(Exercise prompt):
Set out the records below again exactly; skip the images.

*** Dataset records ***

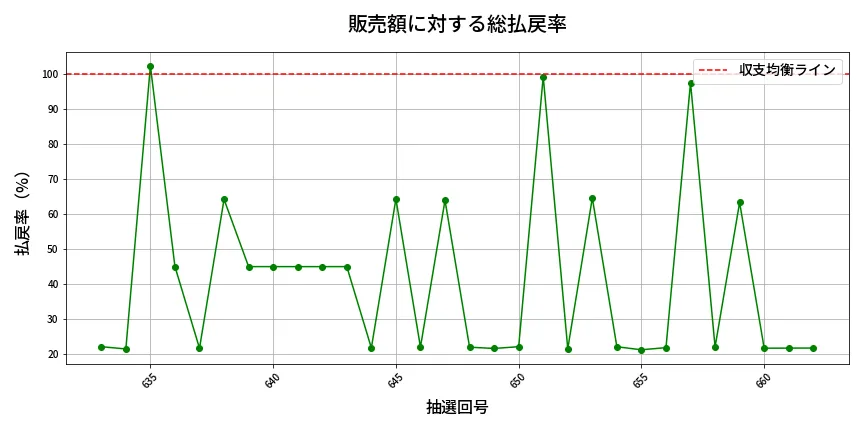 第663回 ロト7 販売効率分析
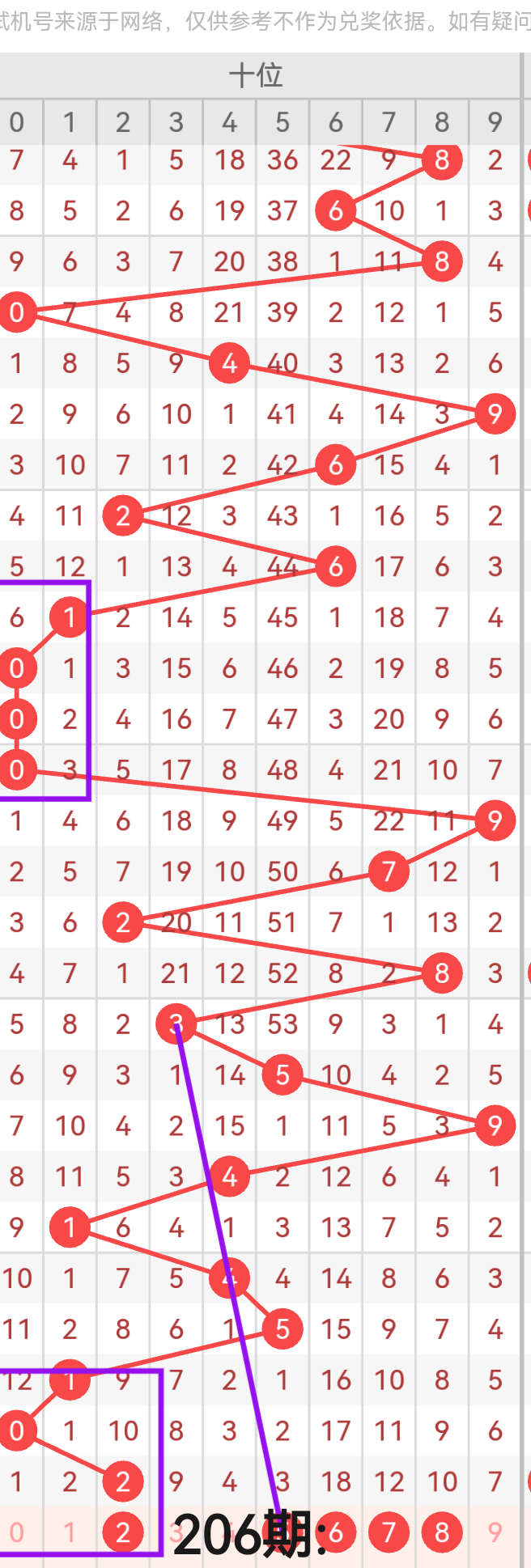 https://f.yddtiyu.com/info/175427715541300e1739e-edef-445a-a8a1-6db8535e91de.png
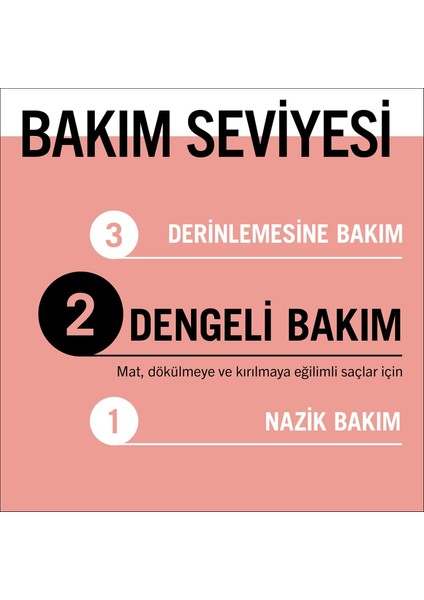 Split Hair Miracle Kırık Uçları Mühürleyen Saç Bakım Kremi 360 ml fırsatları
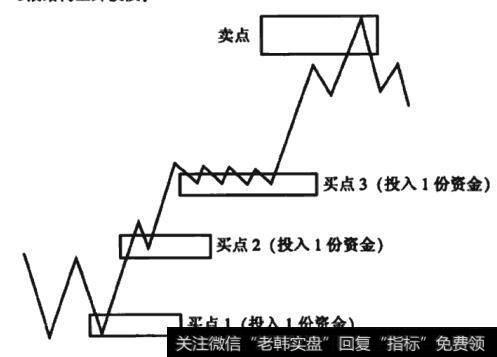 图9-1 3浪结构上升波段等比买入法线段图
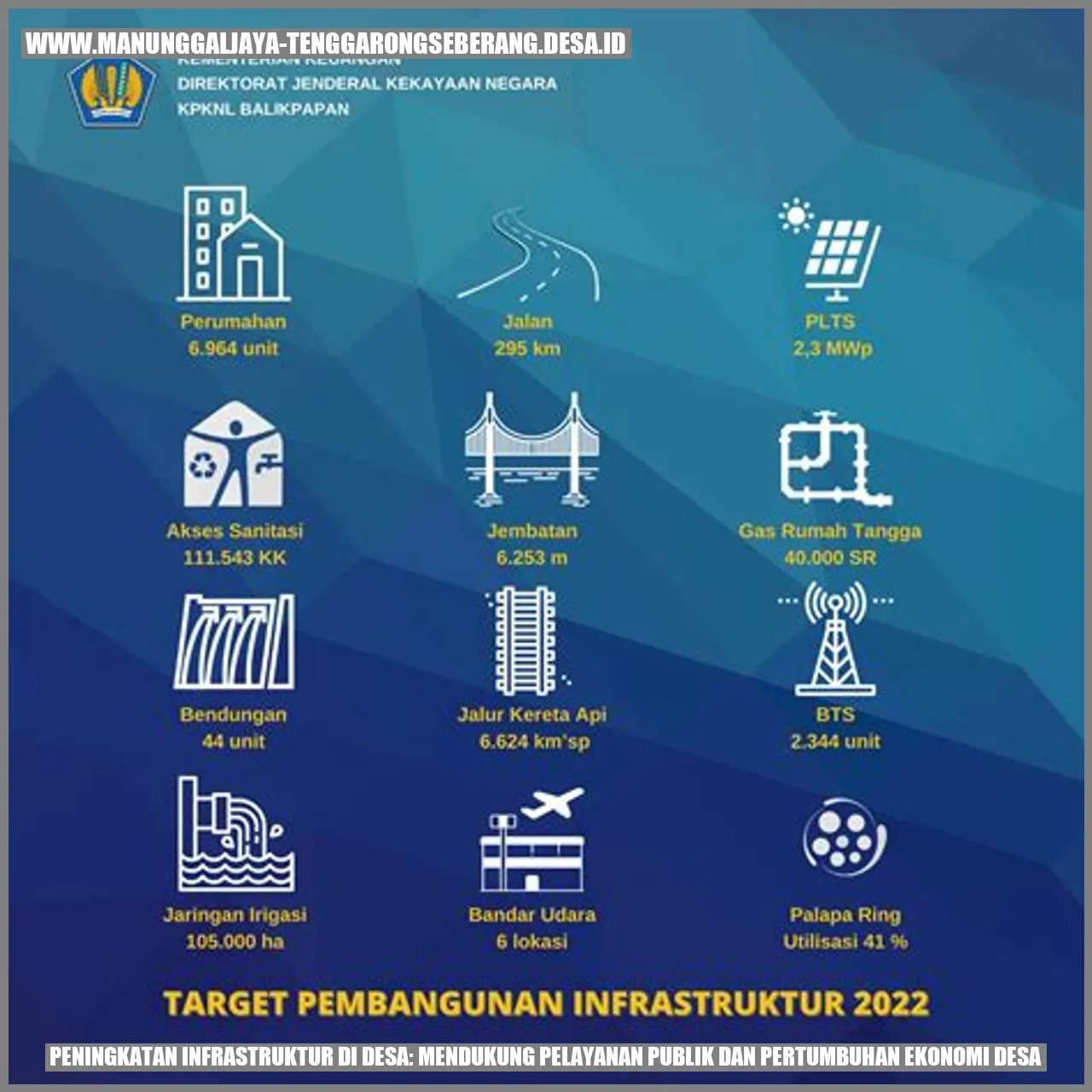 Peningkatan Infrastruktur di Desa: Mendukung Pelayanan Publik dan Pertumbuhan Ekonomi Desa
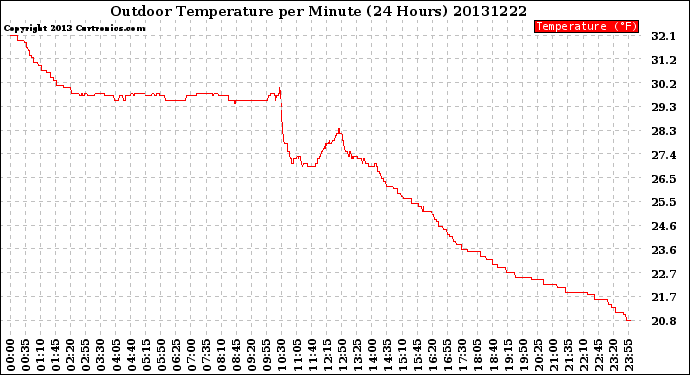 Milwaukee Weather Outdoor Temperature<br>per Minute<br>(24 Hours)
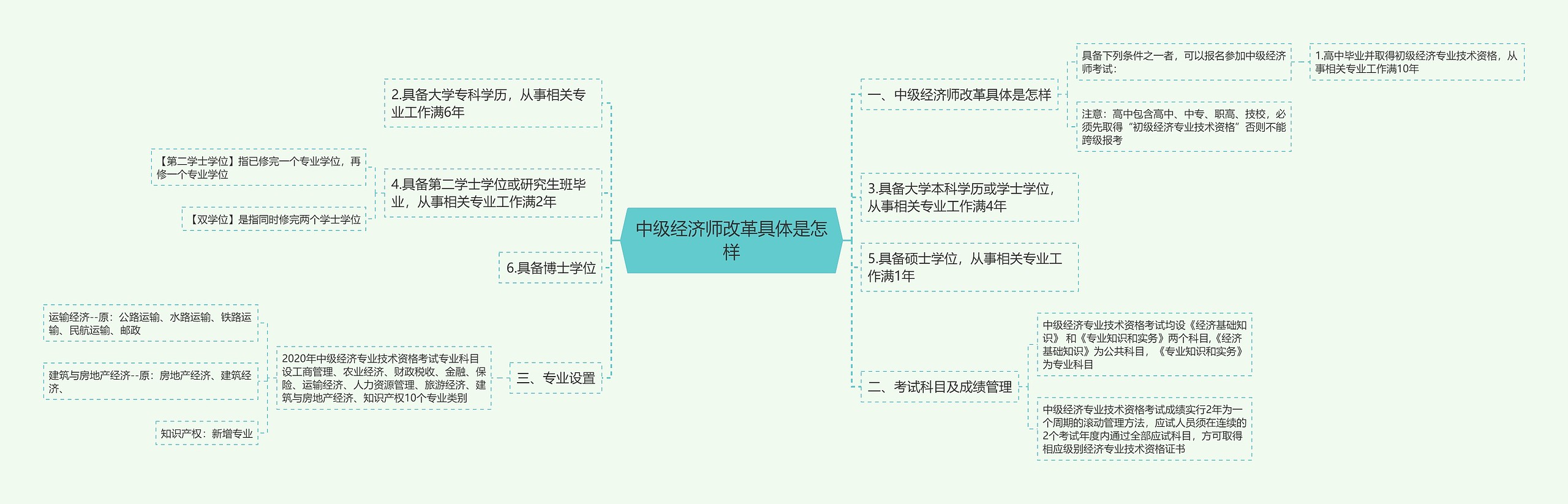 中级经济师改革具体是怎样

*** End of Dataset records ***

(Answer space):
 第663回 ロト7 販売効率分析
 https://f.yddtiyu.com/info/175427715541300e1739e-edef-445a-a8a1-6db8535e91de.png
 Split Hair Miracle Kırık Uçları Mühürleyen Saç Bakım Kremi 360 ml fırsatları
 图9-1 3浪结构上升波段等比买入法线段图
 Peningkatan Infrastruktur di Desa: Mendukung Pelayanan Publik dan Pertumbuhan Ekonomi Desa
 Milwaukee Weather Outdoor Temperature<br>per Minute<br>(24 Hours)
 中级经济师改革具体是怎样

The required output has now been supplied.